Brand: „Das bisherige Beteiligungsverfahren von TenneT ist eine Farce“

Fulda. In ihrer deutlichen Kritik am Suedlink-Betreiber TenneT waren sich alle Anwesenden einer Runde einig, zu der Bundestagsabgeordneter Michael Brand die Vertreter – und Vertreterinnen der Bürgerinitiativen gegen Suedlink aus dem Fuldatal, Kiebitzgrund, Burghaun, Kalbach und Lehnerz am Samstag eingeladen hatte. Brand kritisierte die bisher geübte Praxis von TenneT bei dem Bürgerdialog scharf: „Das jetzige Beteiligungsverfahren von TenneT ist eine Farce.“ Von ihm und allen Anwesenden wurde statt der bisherigen „Pro-forma-Beteiligung“ die „von TenneT zugesagte Transparenz“ eingefordert. Michael Brand erläuterte eingangs die aktuelle Situation und verwies dabei auf die von ihm frühzeitig organisierten direkten Gespräche zwischen TenneT und dem Landkreis Fulda weit vor Bekanntwerden der überraschenden alternativen Trassenentwürfe. Dort sei von TenneT immer wieder Transparenz zugesichert worden, doch „die ist leider bisher nicht gegeben, und eine ernsthafte Bürgerbeteiligung ist schlicht nicht erkennbar“.
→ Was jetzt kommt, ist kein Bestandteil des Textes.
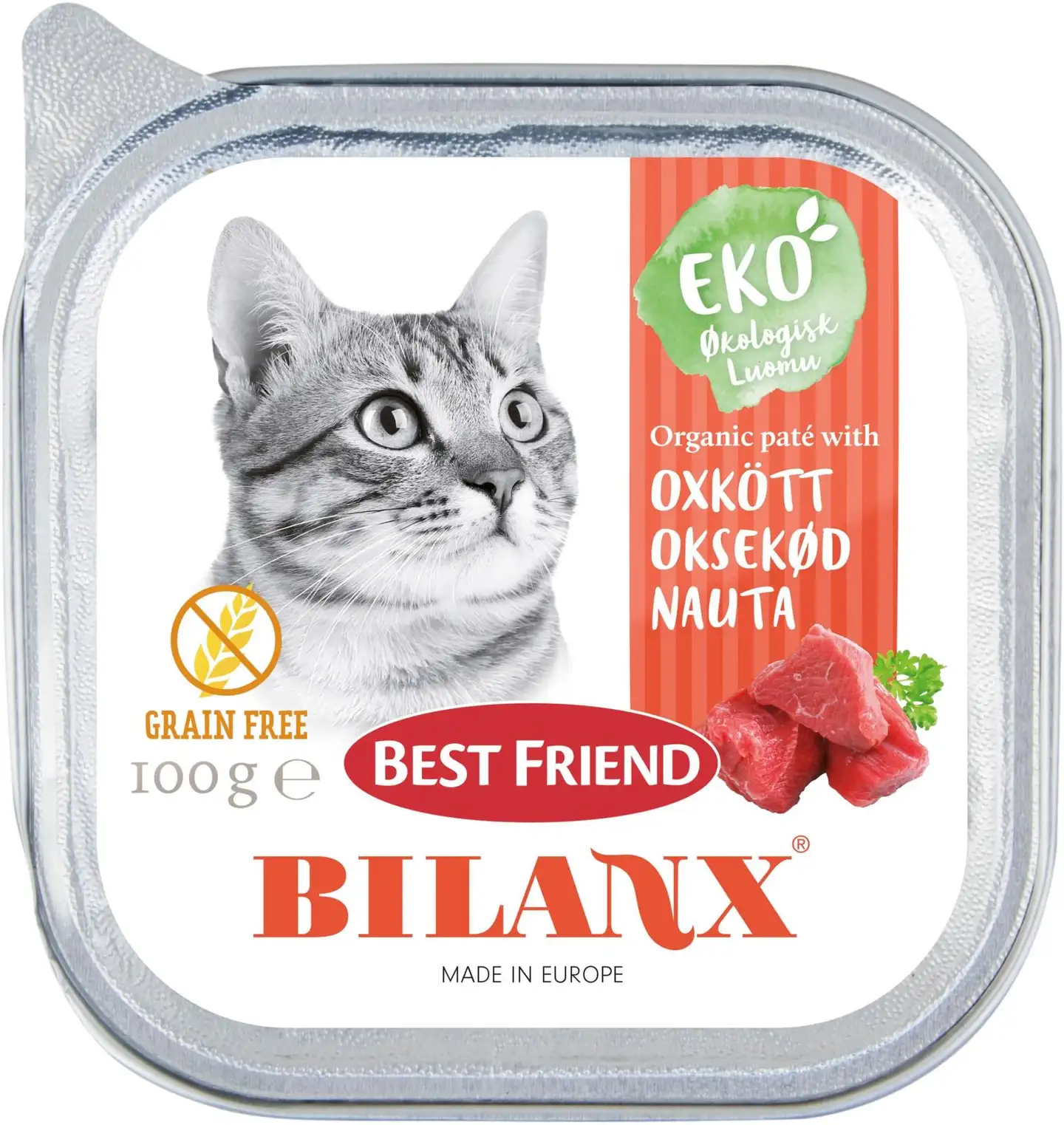 Best Friend Bilanx Luomu nautapatee 100g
Von der TenneT-Veranstaltung am 30. September in Fulda bis zur Vorstellung des 2. Entwurfs des Netzentwicklungsplanes (NEP 2) am 18. November in Berlin habe fachliche Erörterung stets nur in getrennten kleinen Runden und mit unverbindlichen Äußerungen von TenneT stattgefunden. Bei einem solchen Vorgehen könne nicht ernsthaft die Meinung der Bürger vor Ort zur Kenntnis genommen und berücksichtigt werden, kritisierte der Wahlkreisabgeordnete. Die Bundesnetzagentur als Auftraggeber für Suedlink sei bis zur Einladung durch Michael Brand nach Fulda zum „Runden Tisch“ am 24.10.2014 mit TenneT und Bundesnetzagentur sowie kommunalen Verantwortlichen selbst nie Ansprechpartner gewesen. “In dieser Art kann das nicht weiter gehen”, waren sich alle Gesprächsteilnehmer der Runde einig. Mit dem beschleunigten Ausstieg aus der Atomenergie nach dem Reaktor-Unfall von Fukushima komme die Energiewende weit schneller voran, und darüber seien Bund, Länder, Kommunen, alle Fraktionen und die Bevölkerung weitgehend einig. Das allerdings dürfe nicht „Augen zu und durch” bedeuten, mahnte Brand. Es gelte, „vernünftige Änderungen am Konzept“ auch weiter zu ermöglichen und dabei vor allem neue technische Entwicklungen zu berücksichtigen, so auch die Erdverkabelung. Zwar habe die Politik den Grundsatzbeschluss gefasst, aber dabei nicht konkrete Trassenverläufe vorgegeben, rief Brand in Erinnerung.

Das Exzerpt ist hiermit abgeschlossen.